2026: O ano do desafio para a mídia europeia - Publicidade em queda e IA em ascensão

A tempestade perfeita se aproxima. Em 2026, as gigantes da mídia europeia enfrentarão um duplo golpe: receitas publicitárias em declínio acelerado e uma transformação estrutural impulsionada pela inteligência artificial. Não se trata mais de adaptação, mas de reinvenção forçada.
O modelo tradicional desmorona
Os orçamentos de marketing migram para plataformas digitais fechadas e criadores diretos ao consumidor. A publicidade display, outrora alicerce financeiro, perde relevância a cada trimestre. Redações que dependiam desses fluxos agora encaram planilhas com projeções sombrias para o próximo ano.
A IA reescreve as regras
Algoritmos não apenas automatizam tarefas - eles redefinem completamente a produção de conteúdo, distribuição e até a monetização. Quem controla a tecnologia dita os termos. Startups ágeis, sem a bagagem de infraestruturas legadas, estão redesenhand o cenário informativo enquanto as corporações tradicionais lutam para acompanhar.

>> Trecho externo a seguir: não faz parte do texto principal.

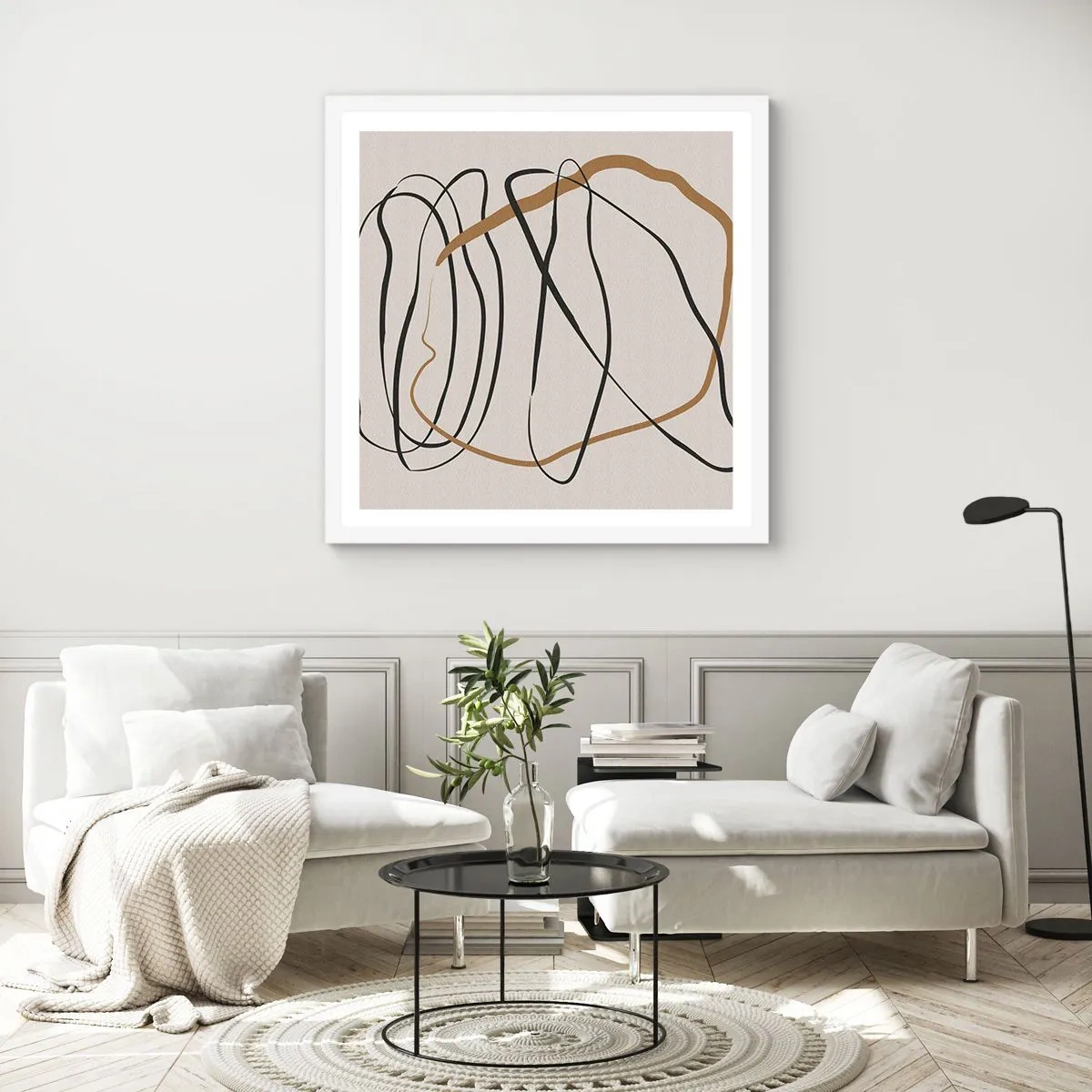 Plagát v bielom ráme - Kompozícia – tanec v slučke - 50x50 cm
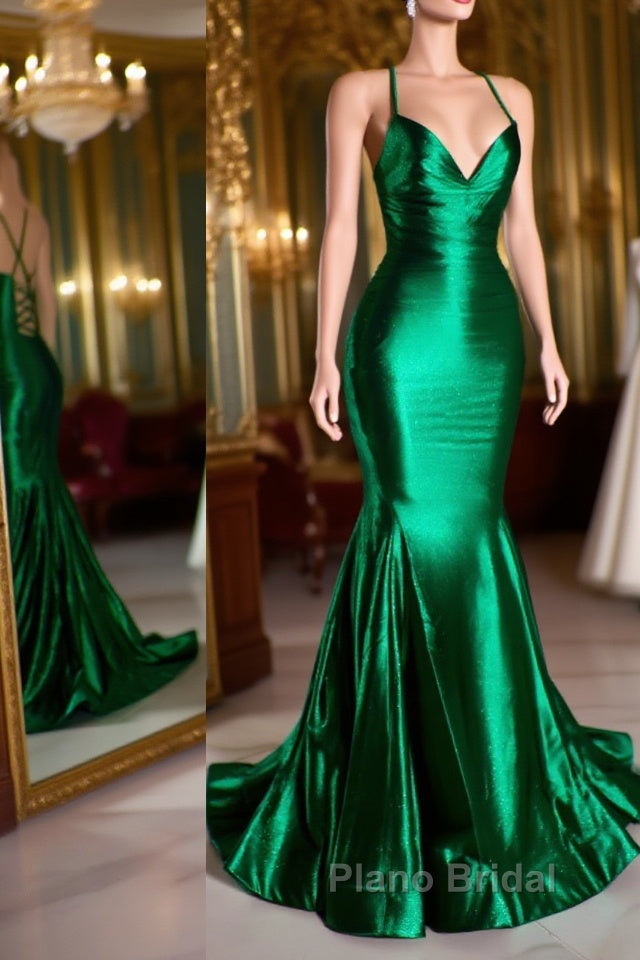 Satin Trumpet V-Neck Spaghetti Straps Formal Prom Evening Dresses For Black Girls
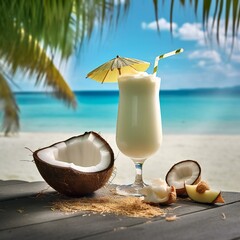 Coconut Smoothie or drink close-up with a vacation beach background. Created with generative AI technology.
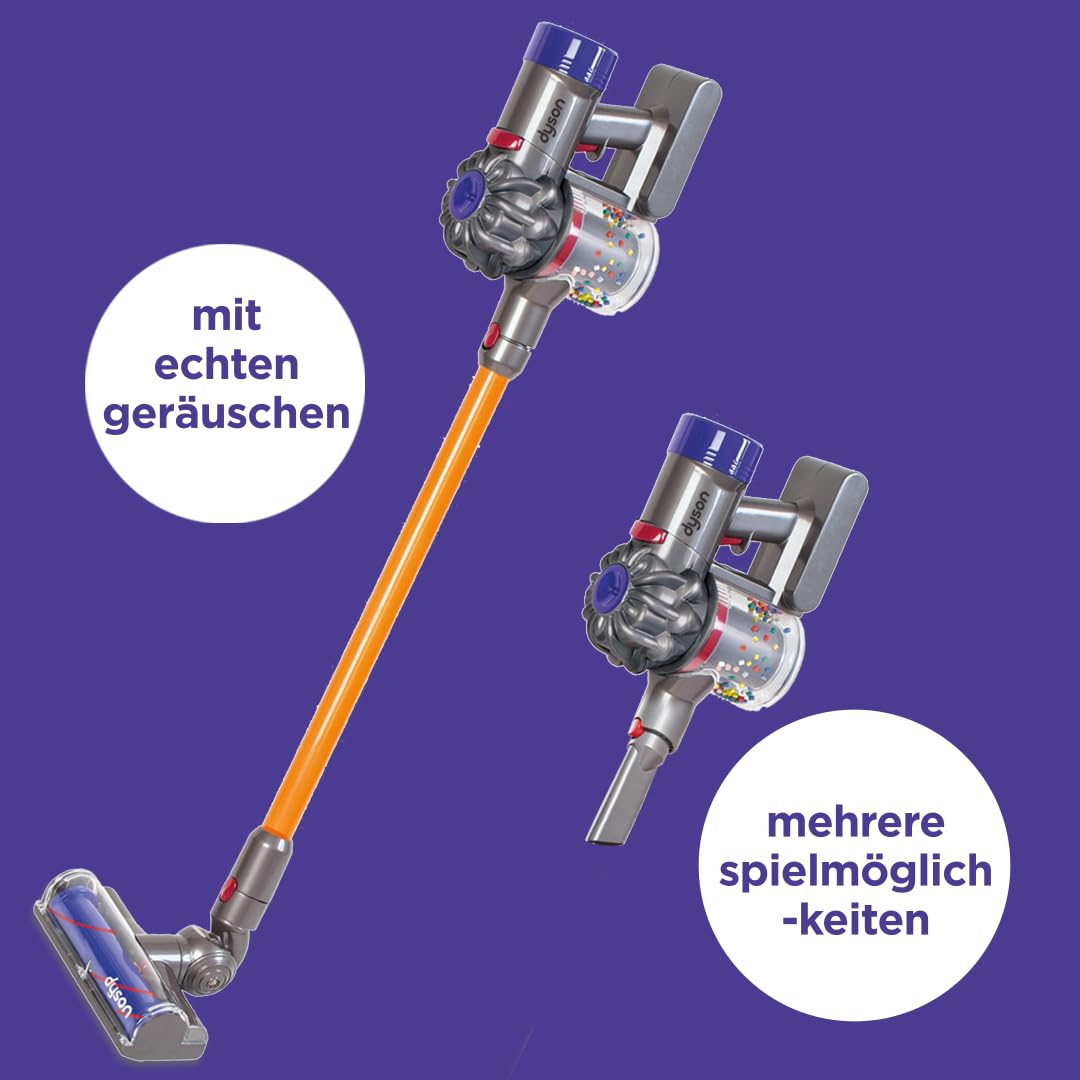 Casdon Dyson kabelloser Staubsauger | Interaktiver & offiziell lizenzierter Dyson Spielzeugstaubsauger für Kinder ab 3 Jahren | Realistischer Rollenspielspaß!, Gelb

O caminho estreito à frente
Consolidação agressiva, pivôs para assinaturas premium e apostas ousadas em nichos especializados emergem como possíveis rotas de fuga. A alternativa? Tornar-se mais um caso de estudo sobre disrupção digital - aquele tipo que os consultores adoram citar, mas os acionistas temem.
O setor enfrenta sua prova mais dura desde a virada do milênio. A sobrevivência em 2026 exigirá mais do que cortes de custos; exigirá uma reimaginação radical do próprio valor do jornalismo na era algorítmica. Enquanto isso, nos mercados financeiros, alguns já tratam certas ações de mídia como se fossem relíquias - interessantes para análise histórica, mas não para carteiras de crescimento.
Os problemas com a publicidade são apenas parte da história
A inteligência artificial tornou-se outra grande preocupação. Silvia Cuneo, do Deutsche Bank AG, afirma que a IA surgiu como uma nova ameaça justamente quando as questões comerciais pareciam estar se estabilizando.
Empresas como a Informa Plc e as plataformas online Rightmove Plc e Scout24 SE estão em uma situação delicada. A IA pode tornar suas ferramentas mais eficientes e gerar novas receitas. Mas também pode substituir seus principais produtos e eliminar partes inteiras de seus negócios.
Algumas áreas enfrentam maior risco. John Davies, da Bloomberg Intelligence, aponta os cursos universitários digitais da Pearson Plc como particularmente vulneráveis. Editoras acadêmicas como a Springer Nature AG & Co KGaA têm outro problema. Os cortes no financiamento da pesquisa nos EUA as prejudicam, pois elas obtêm lucros significativos com periódicos acadêmicos.
Nem todos consideram a IA uma grande ameaça. Daniel Kerven e Lara Simpson, do JPMorgan Chase & Co., afirmam que os receios são exagerados. Eles esperam uma resposta do mercado "mais matizada" este ano.
Empresas que não se adaptarem terão dificuldades
A situação ainda está mudando, observa Cuneo. Pode levar anos para entendermos o verdadeiro impacto da IA em diferentes setores. As empresas que começaram cedo sairão vencedoras. Aquelas que encaram a IA como oportunidade e risco.
A Scout24, um site imobiliário alemão, está fazendo tudo certo. A empresa desenvolveu ferramentas de IA para corretores de imóveis criarem anúncios e aprimorarem fotos. Esses recursos permitem que a Scout24 cobre mais por seus serviços, afirma Doyinsola Sanyaolu, do Citigroup Inc. Os dados da empresa também criam oportunidades de parceria com fornecedores de modelos de linguagem de IA. Sanyaolu considera a Scout24 "uma das mais inovadoras" do setor.
A confiança dos investidores provavelmente permanecerá baixa este ano, enquanto todos observam como a IA se desenvolverá para essas empresas. As condições econômicas continuam fracas, diz Cuneo, e a disrupção causada pela IA continua dominando as discussões.